For more than half a century, Thomas Szasz has devoted much of his career to a radical critique of psychiatry. His latest work, Psychiatry: The Science of Lies, is a culmination of his life’s work: to portray the integral role of deception in the history and practice of psychiatry.

Szasz argues that the diagnosis and treatment of mental illness stands in the same relationship to the diagnosis and treatment of bodily illness that the forgery of a painting does to the original masterpiece. Art historians and the legal system seek to distinguish forgeries from originals. Those concerned with medicine, on the other hand - physicians, patients, politicians, health-insurance providers, and legal professionals - take the opposite stance when faced with the challenge of distinguishing everyday problems in living from bodily diseases, systematically authenticating non-diseases as diseases. The boundary between disease and non-disease - genuine and imitation, truth and falsehood - thus becomes arbitrary and uncertain.
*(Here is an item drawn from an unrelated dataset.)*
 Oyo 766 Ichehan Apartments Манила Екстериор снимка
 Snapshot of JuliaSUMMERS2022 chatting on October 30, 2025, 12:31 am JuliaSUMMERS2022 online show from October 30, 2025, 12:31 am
There is neither glory nor profit in correctly demarcating what counts as medical illness and medical healing from what does not. Individuals and families wishing to protect themselves from medically and politically authenticated charlatanry are left to their own intellectual and moral resources to make critical decisions about human dilemmas miscategorized as “mental diseases” and about medicalized responses misidentified as “psychiatric treatments.”

Delivering his sophisticated analysis in lucid prose and with a sharp wit, Szasz continues to engage and challenge readers of all backgrounds.

Thomas Szasz is professor emeritus of psychiatry at the State University of New York’s Upstate Medical University in Syracuse, New York.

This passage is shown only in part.